Original Question: I have Stata and R to play with. I have a dataset with various categorical variables, some of which have multiple categories. Therefore I'd like to do Fisher's exact test with more than 2 x 2 categories i.e. apply Fisher's to a 2 x 6 table or a 4 x 4 table.

Can this be done with either R or Stata ?

Edit: whilst this can be done in Stata - it will not work for my dataset as I have too many categories. Stata goes through endless iterations and even being left for a day or more does not produce a solution.
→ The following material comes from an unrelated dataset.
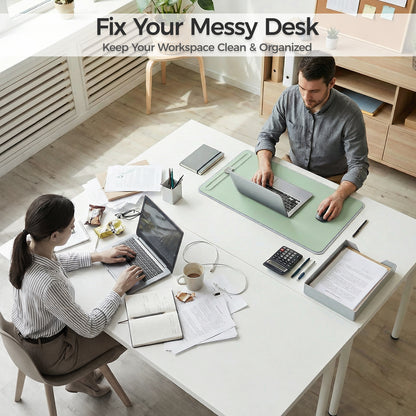 Premium Double-Sided Faux Leather Desk Pad – Non-Slip, Waterproof, with Magnetic Cable Organizer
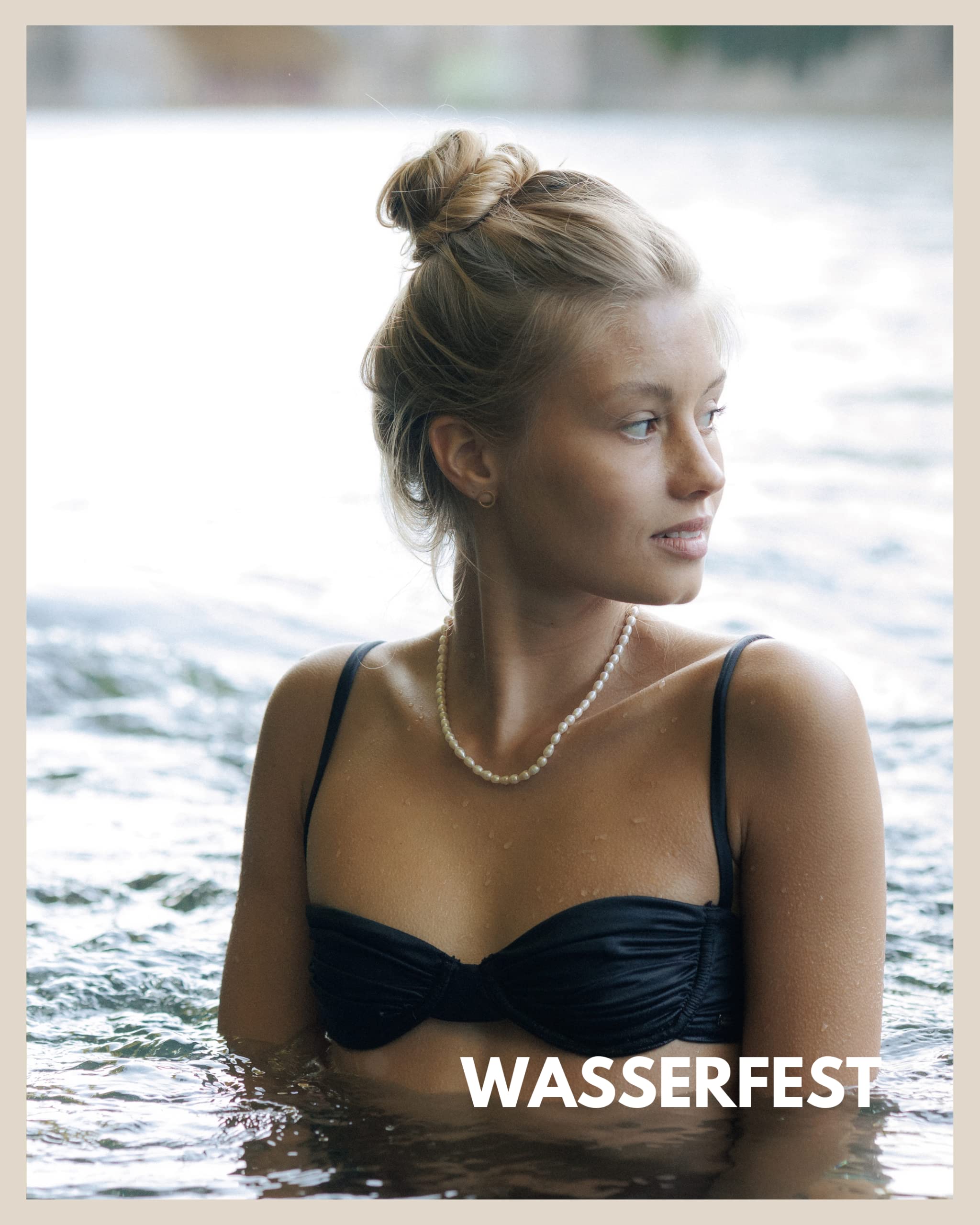 GD GOOD.designs Perlenkette Damen mit Süßwasserperlen - wasserfest I Perlen Kette mit 18 Karat Vergoldung (45cm) Hautverträgliche Halskette ohne Anhänger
My question is really - can R do this, and can it do it quickly ?

2
How big is your table remains a key detail.Nick Cox
Yes you are correct - just checking that now. n = 191, category 1 has 4 divisons, category 2 has 5. This is one that absolutely would not work for me. After about a day and a half it returned an error saying too many valuesuser2498193
This gets more puzzling. I see no reason why that strains Stata. Can you post the data?Nick Cox
Ah...I can't really (confidentiality reasons). My understanding is that it is just a raw processing power thingy - each time you add a category you exponentially increase the number of possible distributions of the observations and even at 4 x 5 and n = 191 its heavy duty calcutationuser2498193
I got instantaneous response to tabi 2 2 2 2 2 \ 13 13 13 13 13 \ 4 4 4 4 4 \ 20 20 20 20 20 , exact. That's not a proof but it's a counterexample to the idea that 4 x 5 (with n about 200) tables are necessarily problematic. I wonder if your memory request makes things worse.Nick Cox

2 Answers

5
votes

Have you studied the documentation of R function fisher.test? Quoting from help("fisher.test"):

For 2 by 2 cases, p-values are obtained directly using the (central or non-central) hypergeometric distribution. Otherwise, computations are based on a C version of the FORTRAN subroutine FEXACT which implements the network developed by Mehta and Patel (1986) and improved by Clarkson, Fan and Joe (1993).

This is an example given in the documentation:

Job <- matrix(c(1,2,1,0, 3,3,6,1, 10,10,14,9, 6,7,12,11), 4, 4,
              dimnames = list(income = c("< 15k", "15-25k", "25-40k", "> 40k"),
                              satisfaction = c("VeryD", "LittleD", "ModerateS", "VeryS")))
fisher.test(Job)

# Fisher's Exact Test for Count Data
# 
# data:  Job
# p-value = 0.7827
# alternative hypothesis: two.sided
3
votes

As far as Stata is concerned, your original statement was totally incorrect. search fisher leads quickly to help tabulate twoway and

  • the help for the exact option explains that it may be applied to r x c as well as to 2 x 2 tables

  • the very first example in the same place of Fisher's exact test underlines that Stata is not limited to 2 x 2 tables.

It's a minimal expectation anywhere on this site that you try to read basic documentation. Please!